What is required:
Here is the task for the listing below: output exactly the lines from the one containing "WDM, Sandfiltereinheit, bedarfsgerechte" through the one containing "Steps from Beach, Cliff", and leave out the pictures.

Material for this exercise:
--- --- ---
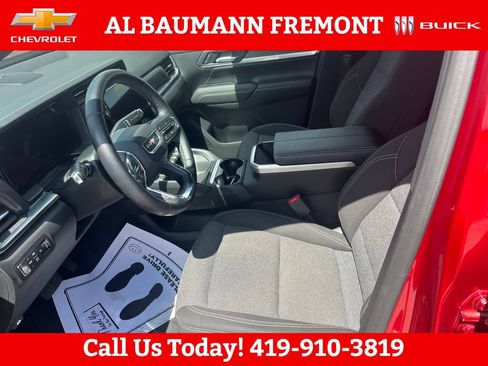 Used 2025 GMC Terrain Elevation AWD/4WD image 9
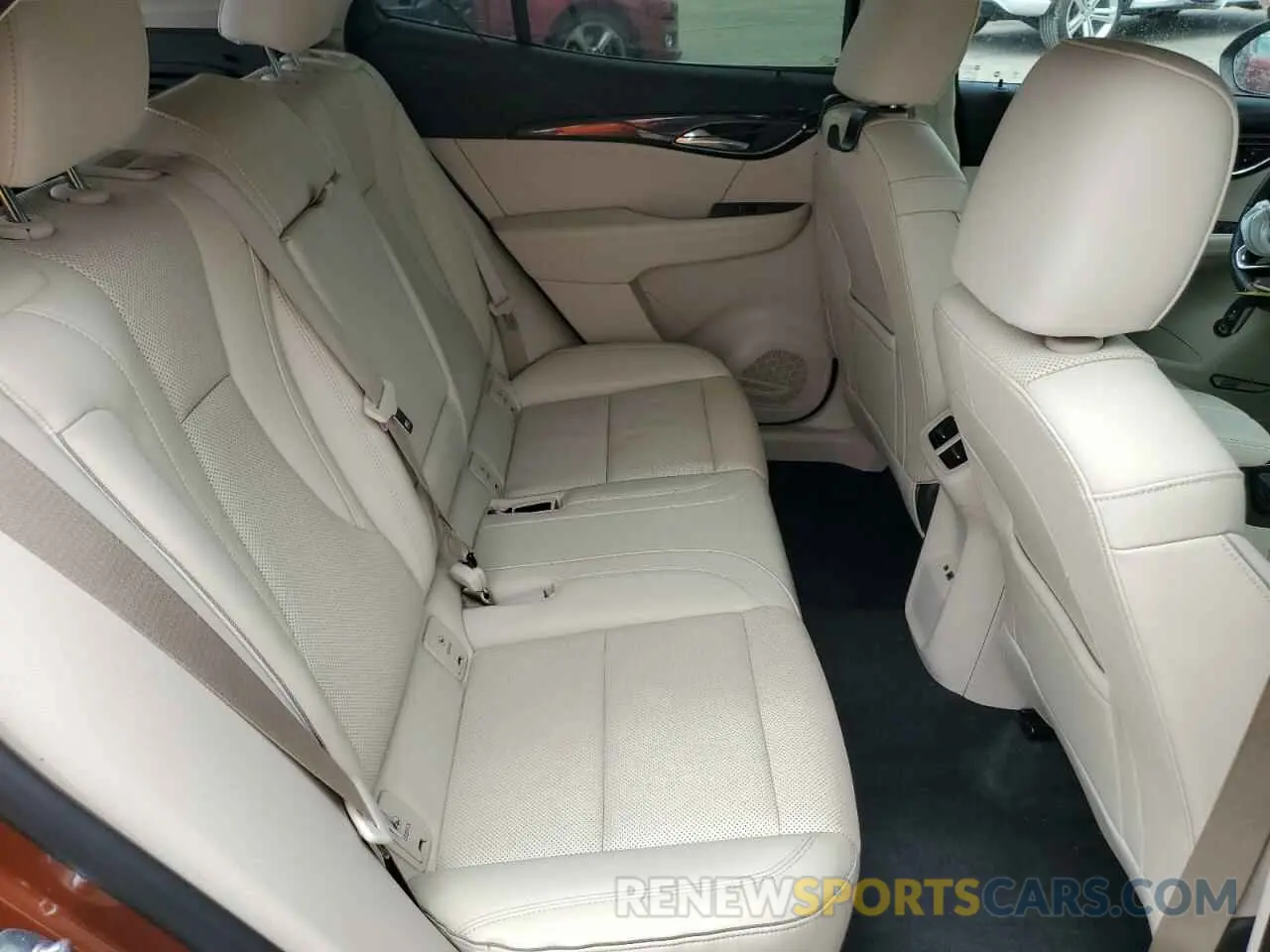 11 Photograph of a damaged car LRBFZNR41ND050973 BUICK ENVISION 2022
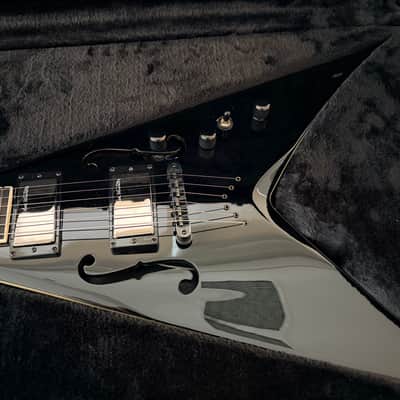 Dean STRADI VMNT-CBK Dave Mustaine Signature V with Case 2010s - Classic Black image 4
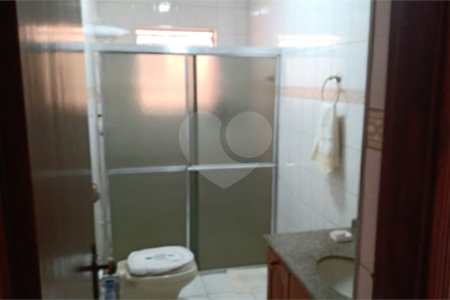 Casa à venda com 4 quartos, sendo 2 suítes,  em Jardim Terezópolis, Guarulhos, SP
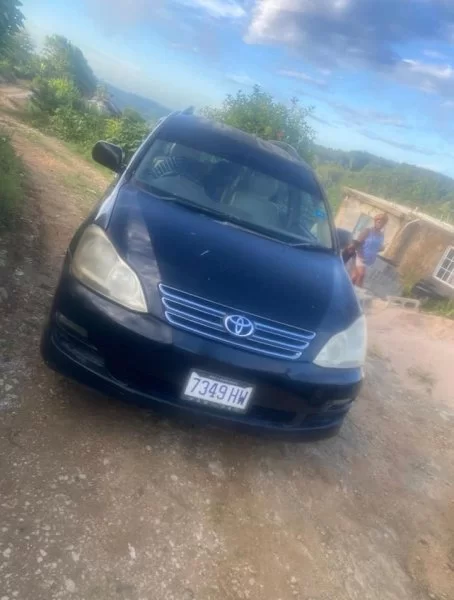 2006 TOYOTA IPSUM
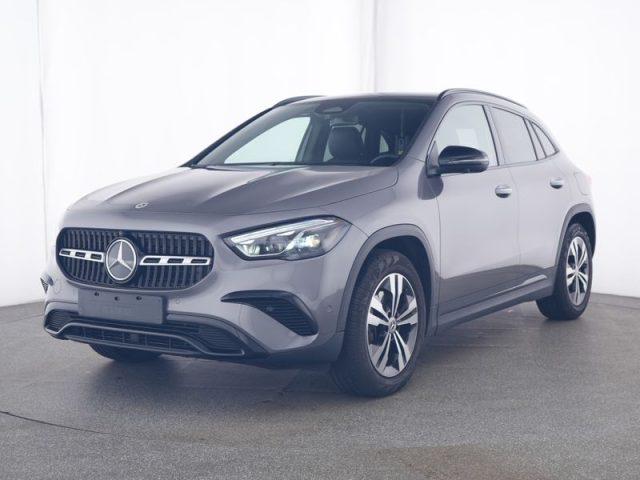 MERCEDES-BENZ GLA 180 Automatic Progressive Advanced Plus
--- --- ---
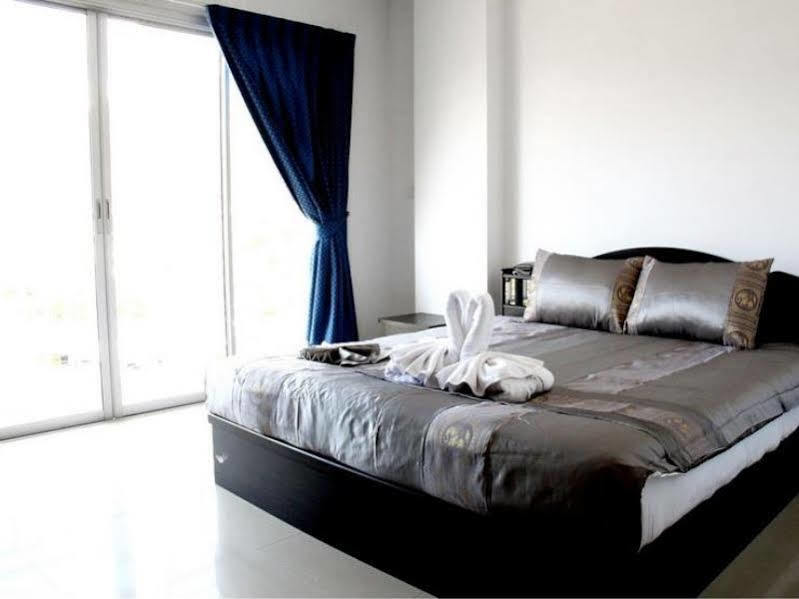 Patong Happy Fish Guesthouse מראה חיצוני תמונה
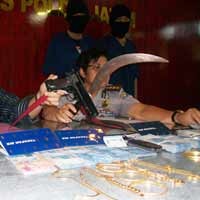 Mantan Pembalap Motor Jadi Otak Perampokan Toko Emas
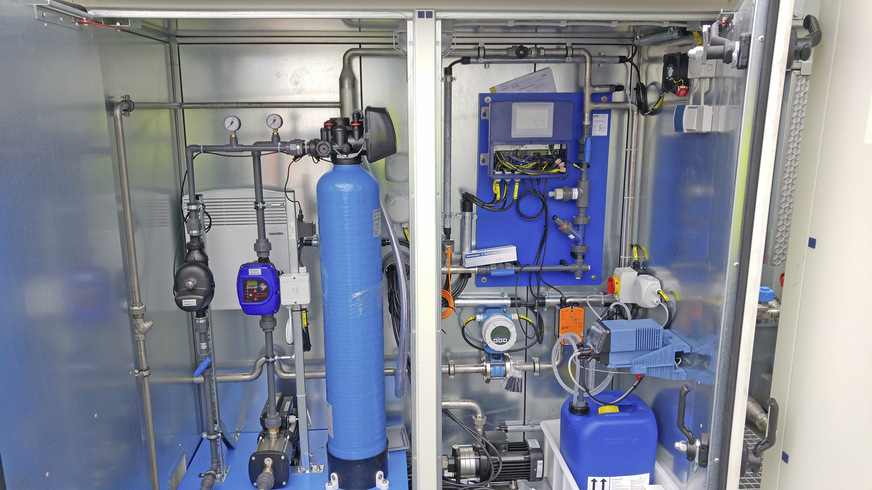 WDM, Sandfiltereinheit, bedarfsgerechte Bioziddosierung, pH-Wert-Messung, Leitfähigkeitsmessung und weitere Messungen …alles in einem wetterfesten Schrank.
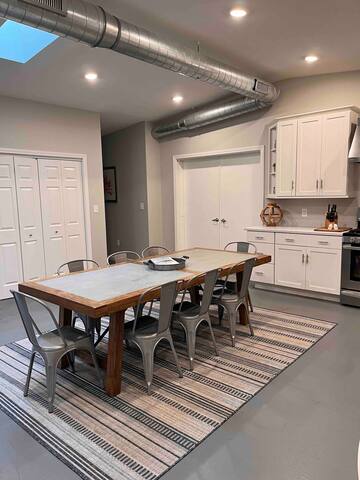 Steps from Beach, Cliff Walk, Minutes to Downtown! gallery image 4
--- --- ---
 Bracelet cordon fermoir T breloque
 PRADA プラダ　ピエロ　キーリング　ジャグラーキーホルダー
--- --- ---
Answer box:
 WDM, Sandfiltereinheit, bedarfsgerechte Bioziddosierung, pH-Wert-Messung, Leitfähigkeitsmessung und weitere Messungen …alles in einem wetterfesten Schrank.
 Steps from Beach, Cliff Walk, Minutes to Downtown! gallery image 4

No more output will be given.